When she wished to obtain something from her
husband, or drive him the way she thought best, she would buzz round him
in her grasshopper fashion, stinging him on all sides, and returning
to the charge a hundred times until he yielded almost unconsciously. He
felt, moreover, that she was shrewder than he, and tolerated her advice
fairly patiently. Felicite, more useful than the coach fly, would
sometimes do all the work while she was thus buzzing round Pierre's
ears. Strange to say, the husband and wife never accused each other
of their ill-success.

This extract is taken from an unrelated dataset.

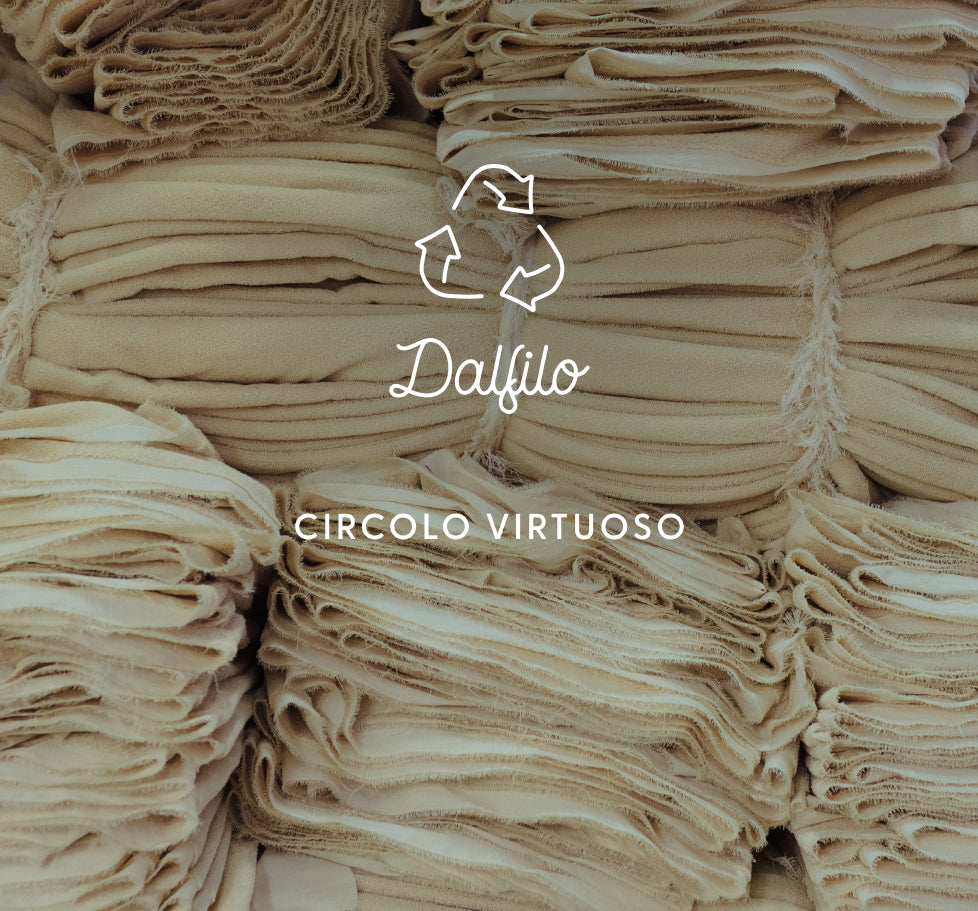Dalfilo IT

The only bone of contention between them was the
education lavished on their children.
The Revolution of 1848 found all the Rougons on the lookout, exasperated
by their bad luck, and disposed to lay violent hands on fortune if ever
they should meet her in a byway. They were a family of bandits lying in
wait, ready to rifle and plunder. Eugene kept an eye on Paris; Aristide
dreamed of strangling Plassans; the mother and father, perhaps the most
eager of the lot, intended to work on their own account, and reap
some additional advantage from their sons' doings. Pascal alone, that
discreet wooer of science, led the happy, indifferent life of a lover in
his bright little house in the new town.

CHAPTER III
In that closed, sequestered town of Plassans, where class distinction
was so clearly marked in 1848, the commotion caused by political events
was very slight. Even at the present day the popular voice sounds very
faintly there; the middle classes bring their prudence to bear in the
matter, the nobility their mute despair, and the clergy their shrewd
cunning.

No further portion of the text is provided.